Ahok Ungkap Keterlibatan Foke dalam Kasus Reklamasi Teluk Jakarta

Loading

ahok-bebi.jpg2

“Saya akan memberikan data terkait izin reklamasi yang dikeluarkan mantan Gubernur DKI Jakarta Fauzi Bowo jika diminta Komisi Pemberantasan Korupsi,” kata Ahok di Balai Kota DKI Jakarta, Jumat, 9 September 2016.

Menurutnya, dia akan memberikan izin prinsip dan izin pelaksanaan yang dikeluarkan Fauzi Bowo untuk kemudian dibandingkan dengan izin yang dikeluarkan tahun 1997.

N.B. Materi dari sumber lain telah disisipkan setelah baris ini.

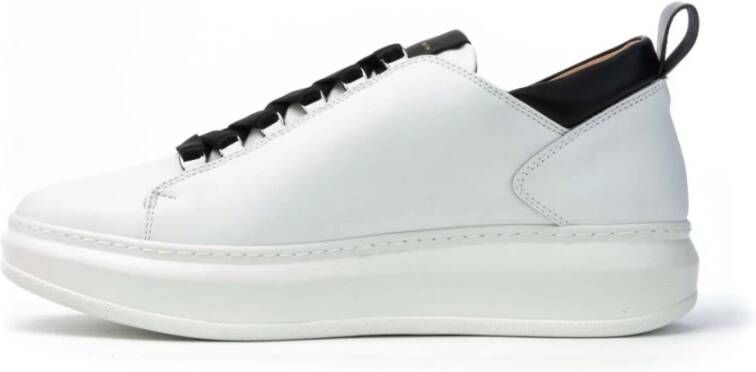 Alexander Smith Wembley Heren Tennisgeïnspireerde Sneakers White Heren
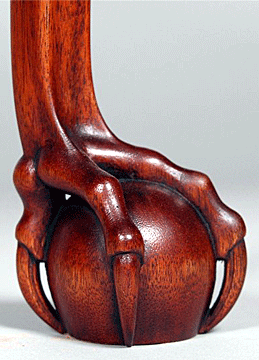 antique chippendale furniture ball claw foot - Foxwood Furniture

Ahok mengatakan, reklamasi diizinkan pada masa pemerintahan Presiden ke-2 RI Soeharto. “Tujuannya adalah untuk membuat daratan baru, ekonomi baru,  sekaligus merapikan pantai utara Jakarta,” katanya.

Ahok mengatakan merapikan pantai utara Jakarta diterjemahkan ke Peraturan Daerah tahun 1995 yang berisi tentang pembangunan rumah susun, membuat danau, pompa dan jalan inspeksi.

Ahok berujar, pada tahun 1997, terdapat perjanjian yang dikeluarkan oleh mantan Wakil Gubernur Tubagus Muhammad Rais dengan PT Manggala Krida Yudha (MKY) terkait dengan izin reklamasi.

“Ketika itu, PT MKY dibebankan dengan tambahan kontribusi. Padahal, perusahaan itu dimiliki oleh anak kandung Soeharto, Namun, MKY bangkrut karena Pak Harto jatuh 1998 gitu loh. Dia jatuh, bukan berarti kontribusi tambahan dihilangkan loh,” ujarnya.

Sebelumnya, Ahok menantang majelis hakim Pengadilan Tindak Pidana Korupsi Jakarta untuk menghadirkan Fauzi Bowo alias Foke yang dituduhnya menghilangkan kata “kontribusi tambahan” dalam reklamasi Teluk Jakarta.

Menurut dia, Foke mengeluarkan izin prinsip proyek reklamasi tepat satu pekan sebelum Joko Widodo dan dirinya dilantik sebagai Gubernur dan Wakil Gubernur DKI Jakarta periode 2012-2017.

“Saya minta semua aparat hukum juga periksa Fauzi Bowo,” kata Ahok saat bersaksi untuk terdakwa bekas anggota Komisi D DPRD DKI Jakarta, M. Sanusi, di Pengadilan Tindak Pidana Korupsi, Jakarta Pusat, Senin, 5 September 2016.

Menurut Ahok, kontribusi tambahan muncul dalam Peraturan Daerah 1997. Namun, dalam perda tersebut tidak menyebutkan angka pasti soal besaran kontribusi tambahan. “Saya hanya ingin mengembalikan ke aturan semula,” kata dia.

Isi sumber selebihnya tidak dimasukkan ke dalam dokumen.